HackerChai

Some musings on tech. Mostly pwn.

Analysis of CVE-2021-35211 (Part 1)

16 September 2021

Introduction

On around 13 Jul, I chanced upon this article warning users of Solarwinds Serv-U against a pre-auth SSH RCE bug being exploited in the wild. This was pretty interesting to me, as I didn’t think SSH RCE was still possible in a year like 2021. What followed was a 2 month long on and off exploration of the Serv-U SSH codebase. In the end, the original team at Microsoft released a (more authoritative) writeup a few days before I figured out the bug. Nonetheless, the following two-part series would hopefully present a different perspective on the vulnerability analysis process. Part 1, or this post, will go through my process behind identifying and triggering the vulnerability, while part 2 will demonstrate how I made use of the vulnerability to gain RCE. Do note that all this research were done on the Windows version of Serv-U.

What is Serv-U?

Serv-U

Solarwinds Serv-U is a file-sharing server for both Windows and Linux. One of its features is to allow file transfers via SFTP, a file transfer protocol built on top of the SSH protocol. CVE-2021-35211 is a memory corruption vulnerability in the SFTP component of Serv-U which can take place even before a successful SSH login, and affects Serv-U 15.2.3 HotFix 1 on both OSes.

SSH Primer

To exploit an SSH server, it is imperative to understand how the SSH protocol works. This post here does a wonderful technical explanation on how the server and client establish an encrypted communication channel using what is called an SSH handshake. The following graphic shows a simplified version of how the handshake works:

Figure 1. Simplified SSH Handshake

Initially, all packets are sent unencrypted. After exchanging banners, the server and client exchange SSH2_MSG_KEXINIT packets and both parties would decide on what key exchange and symmetric encryption algorithms to use based on a fixed set of rules. The client then sends an SSH2_MSG_KEXDH_INIT packet and the server responds with an SSH2_MSG_KEXDH_REPLY packet to facilitate key exchange. Finally, with both parties sharing a common secret key, the client sends SSH2_MSG_NEWKEYS, which causes both parties to start sending encrypted packets to each other.

Initial analysis

The initial Microsoft article provided me with little to go with; I knew Hotfix 2 patched the bug, and what error Serv-U will log when the exploit fails, as listed below:

EXCEPTION: C0000005; CSUSSHSocket::ProcessReceive(); Type: 30; puchPayLoad = 0x03e909f6; nPacketLength = 76; nBytesReceived = 80; nBytesUncompressed = 156; uchPaddingLength = 5

With a little bit of work, I managed to get my hands on both Hotfix 1 and 2 packages. Inside, the main file of interest would be Serv-U.dll, which does the majority of the SSH handling. For my analysis, I would be using the dll from Hotfix 1.

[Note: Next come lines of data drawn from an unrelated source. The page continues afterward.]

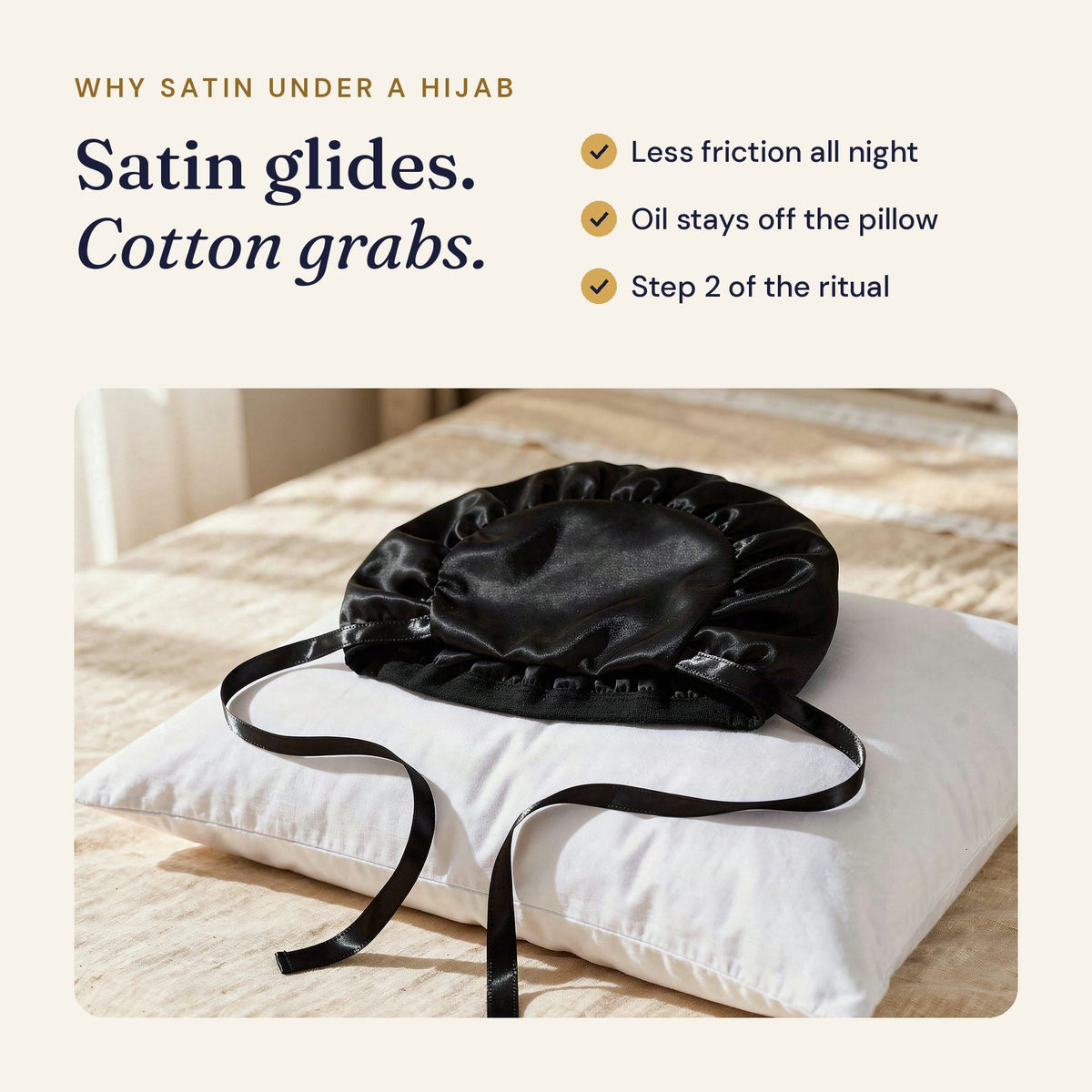 Black satin bonnet on a white pillow: satin glides, cotton grabs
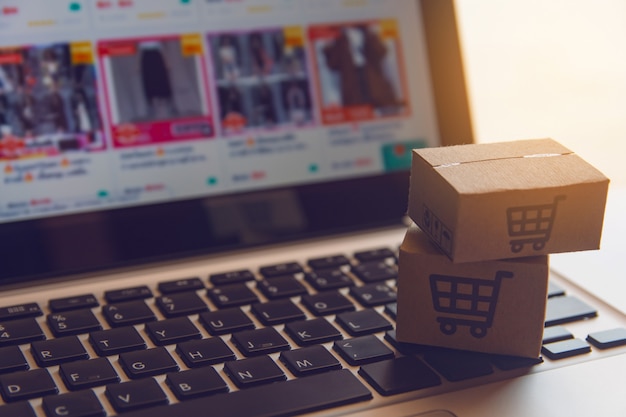 Online shopping : Paper cartons or parcel with a shopping cart logo on a laptop keyboard. Shopping service on The online web and offers home delivery.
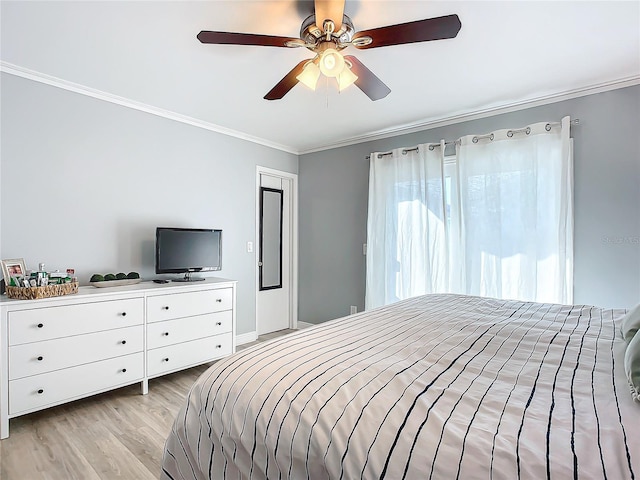 bedroom featuring ornamental molding, light wood-type flooring, and ceiling fan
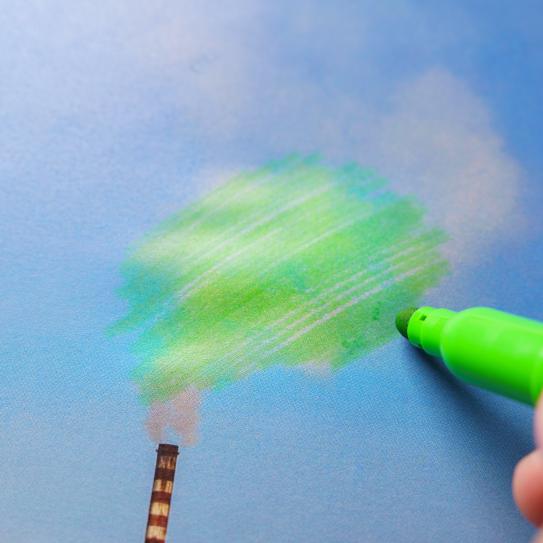A hand holding a green marker, coloring in gray smoke that's pouring out of a smokestack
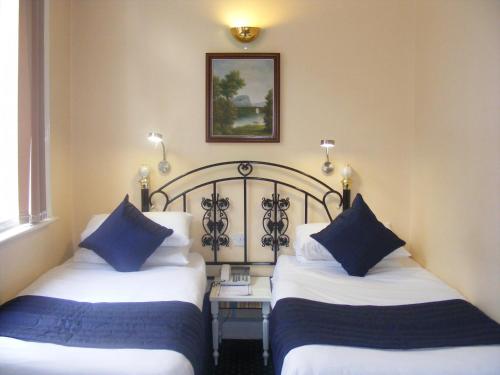 伦敦美人鱼套房酒店的两张位于酒店客房的床,配有蓝色枕头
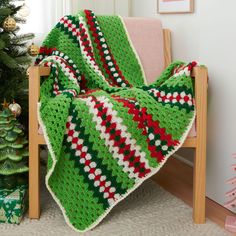 a green and red blanket sitting on top of a chair next to a christmas tree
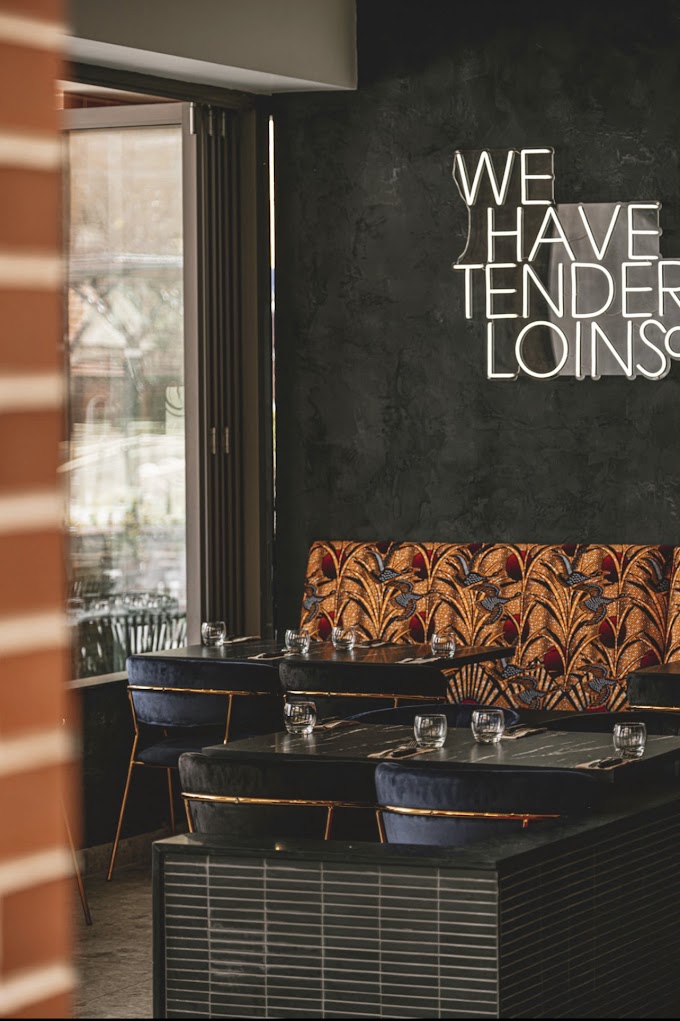 Completed hospitality dining space with custom seating, textured walls and lighting
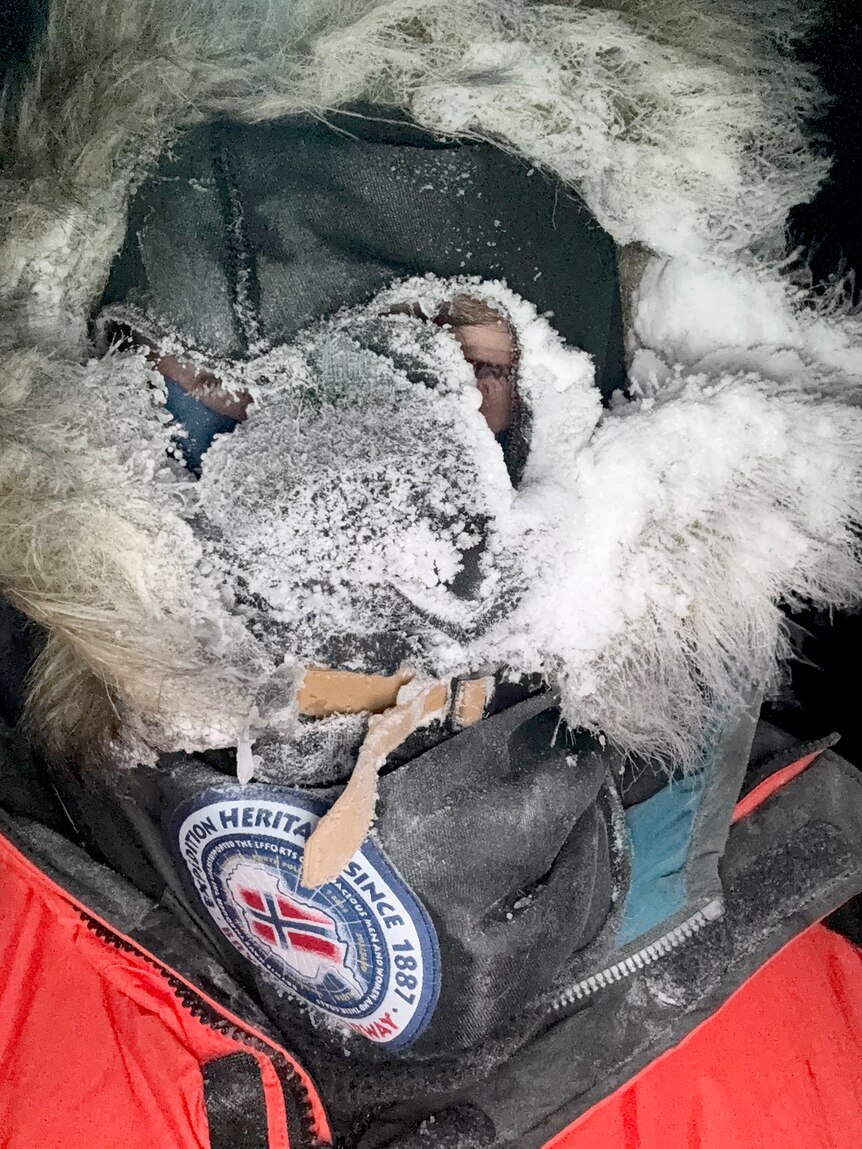 A man in a parka and mask covered in ice.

I was quickly able to locate the (16-bit) error string mentioned in the article and associate it with the ProcessReceive function at 0x180144E90.

Figure 2. Error string in exception handler

From a cursory analysis of the case switch statement inside ProcessReceive, I was able to deduce that the case switch code read SSH packets and dispatched them to their respective handling functions based on type message (SSH2_MSG_KEXINIT etc.).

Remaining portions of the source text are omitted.